Leave the pictures out and return every line below exactly.

DATA SHOWN ▸
● ● ●

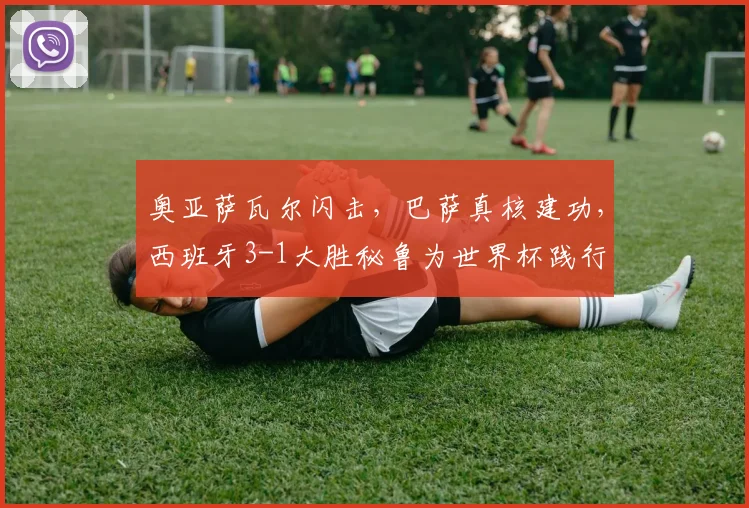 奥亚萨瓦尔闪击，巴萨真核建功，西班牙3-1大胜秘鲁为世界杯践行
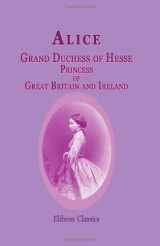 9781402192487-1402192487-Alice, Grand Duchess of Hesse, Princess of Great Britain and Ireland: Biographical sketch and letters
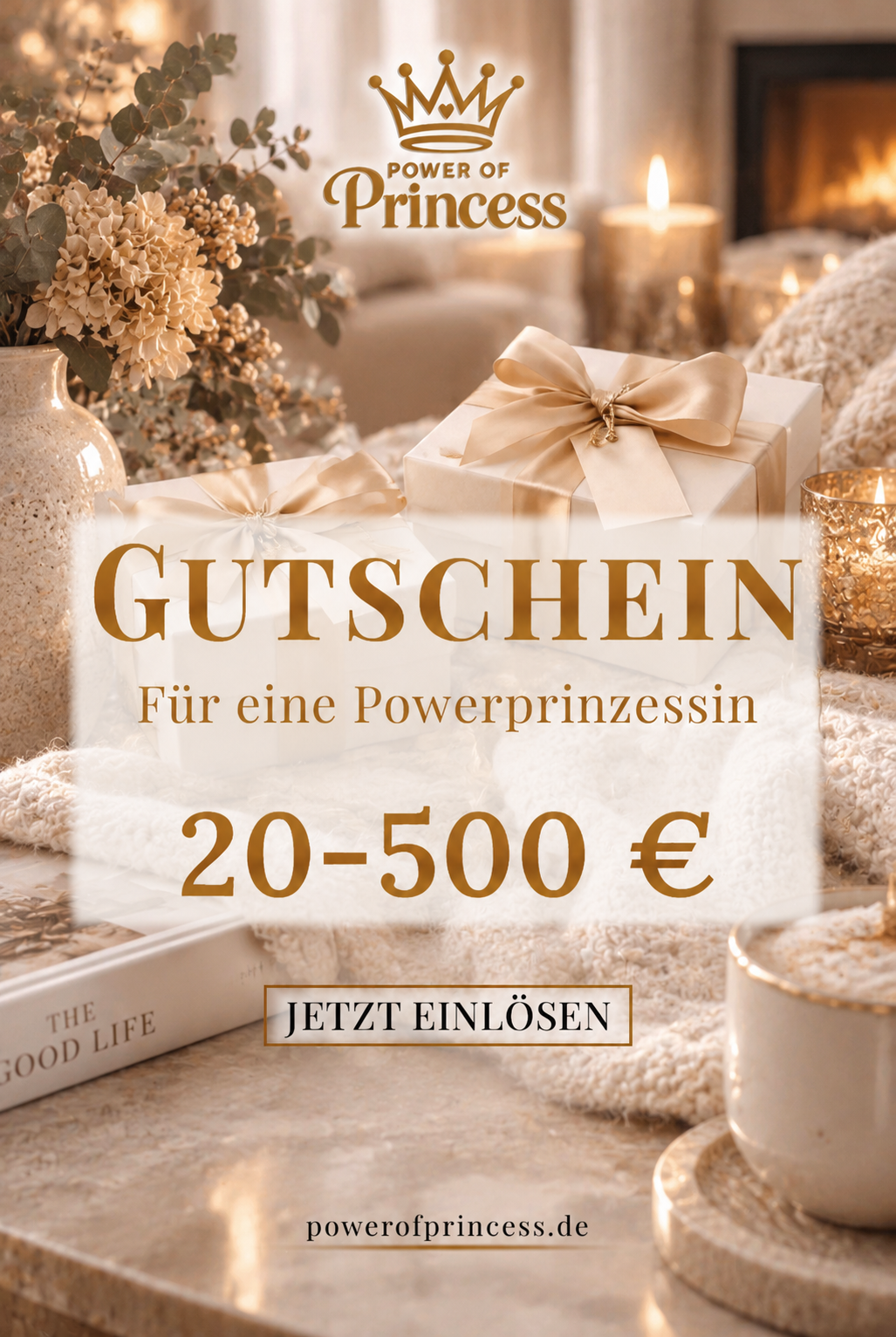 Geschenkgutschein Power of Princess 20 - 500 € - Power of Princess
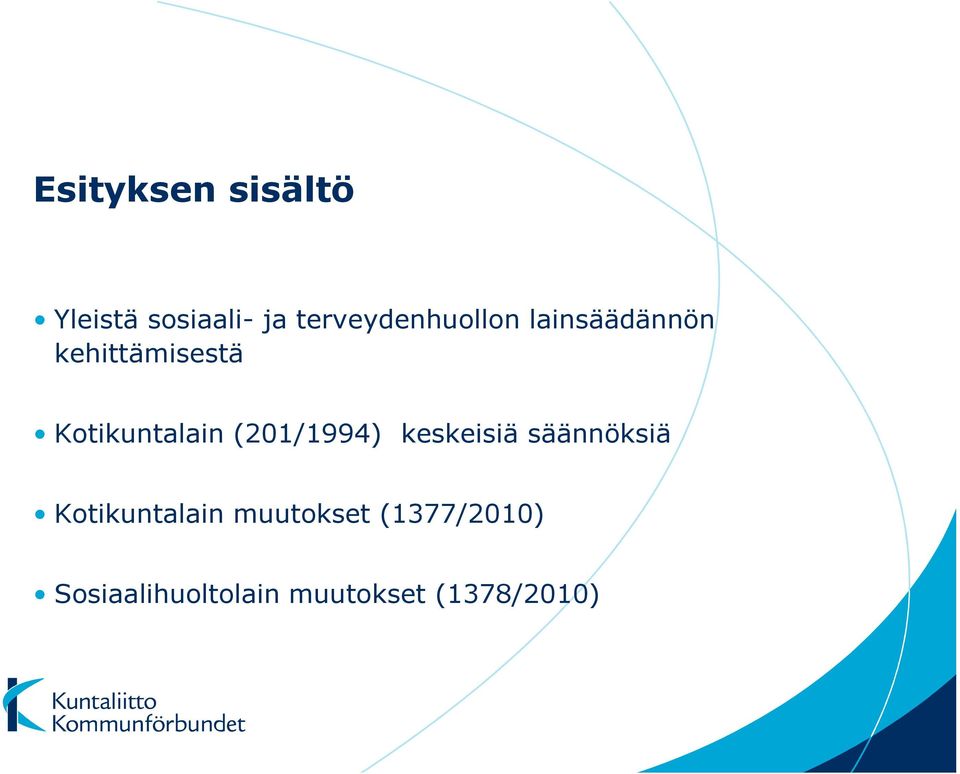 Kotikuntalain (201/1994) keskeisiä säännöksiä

● ● ●

SOLUTION ▸
 奥亚萨瓦尔闪击，巴萨真核建功，西班牙3-1大胜秘鲁为世界杯践行
 9781402192487-1402192487-Alice, Grand Duchess of Hesse, Princess of Great Britain and Ireland: Biographical sketch and letters
 Geschenkgutschein Power of Princess 20 - 500 € - Power of Princess
 Kotikuntalain (201/1994) keskeisiä säännöksiä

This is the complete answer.